Vulture was the first to obtain a transcript of Pollard’s September 15 parole interview, where he discussed the weapons-possession charge. Pollard claimed he had the weapon illegally “for protection, because I was wearing jewelry and doing a bunch of shows and stuff, and I didn’t want to get robbed. Instead of getting security, [I was] just being young and stupid.”
Pollard, now 26, also told the parole board that he would get security after prison. His earliest release date is December 11, 2021, and he is not expected to appear before the parole board or be released until then.
Update, January 12: New details on Marshall’s postprison plans have emerged. In a transcript of his August 11 parole-board interview, obtained by Vulture through a public-records request, Marshall revealed that he wanted to leave New York because “I feel like there is nothing there for me anymore. It’s just people that don’t like me. If I go back to New York, I am going back to what you just read about before all the music.”
One of the parole-board commissioners asked, “What are your thoughts about your future? Like what would you like to do once you get settled?” Marshall replied, “I am a rapper, a rap artist. I am a signed artist to [redacted].”
The commissioner asked whether that had “gotten you anywhere financially. I mean, before you came in?” Marshall said, “Yeah, I signed a $1.5 million-dollar deal, took a $225,000 advance. Just my past caught up to me.”
There was also a discussion of whether Marshall could interact with Pollard after his release from lockup. (Although Pollard’s name does not appear in this document, details surrounding the redactions point to him.) A parole-board member asked Marshall whether “it’s strictly you with the music.”
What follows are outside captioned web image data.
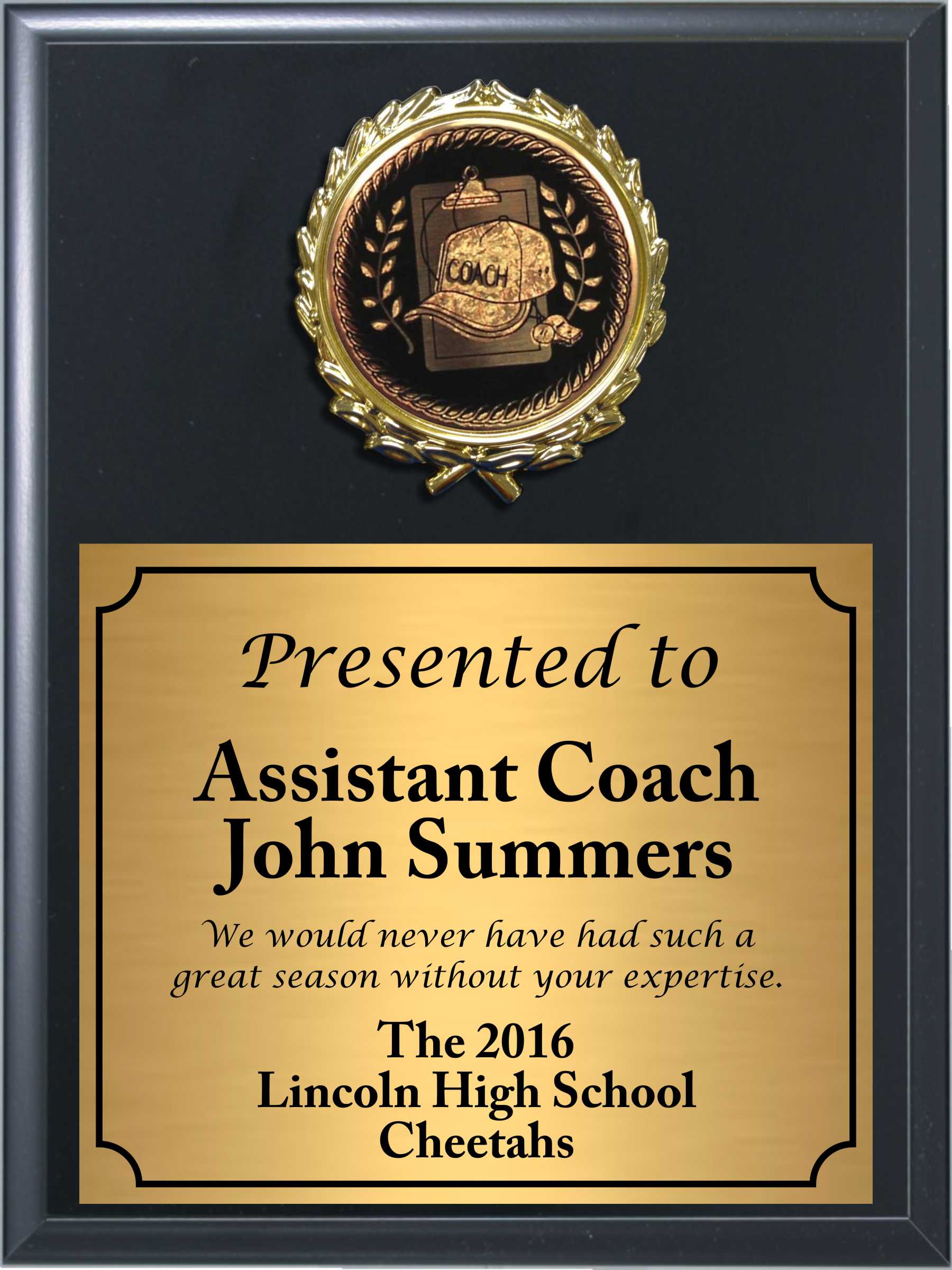 Economy Heat Transfer Coach Plaque with Black and Gold Coach Medallion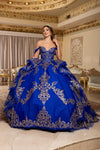 Load image into Gallery viewer, Wholesale Off-Shoulder Sweetheart Glitter Tulle Embroidered Lace Appliqué Tiered Ballgown by LA302
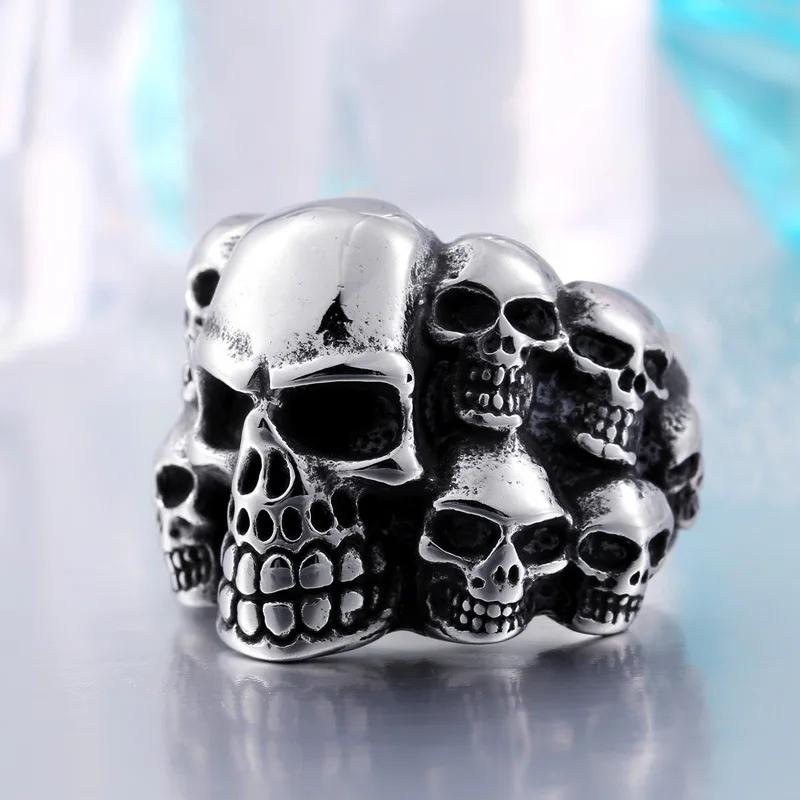 Anelli a Teschio Gotici Multistile per Uomo Acciaio Inossidabile Biker Motociclista Gioielli Anello Festa di Halloween Dropshipping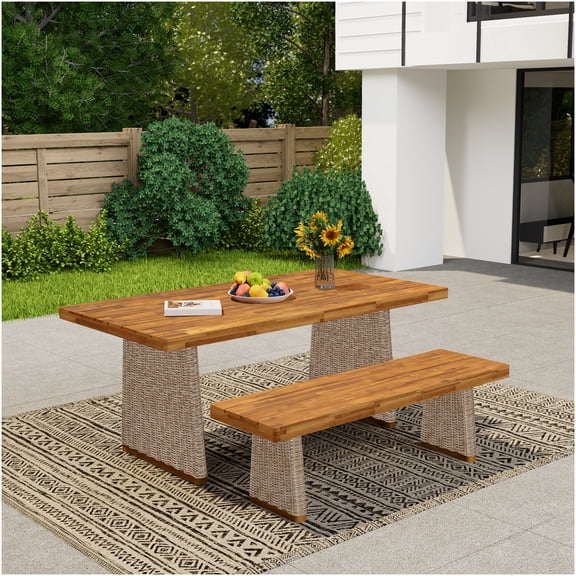 Acacia Wood Outdoor Dining Set with Table and Bench, All-Weather Patio Furniture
“Right now, it’s me and my co-defendant, [redacted],”Marshall said.
“Stop right there,” the parole-board member said. “You just got to make sure you watch yourself with, you know — if you guys want to hook up again, you got to be on the same page with your parole officer, do you follow me?”
Marshall was also asked about a disciplinary infraction for allegedly having synthetic marijuana in his cell. He denied it. “Come on, I am not doing no synthetic marijuana and be running around here throwing up on myself,” he said.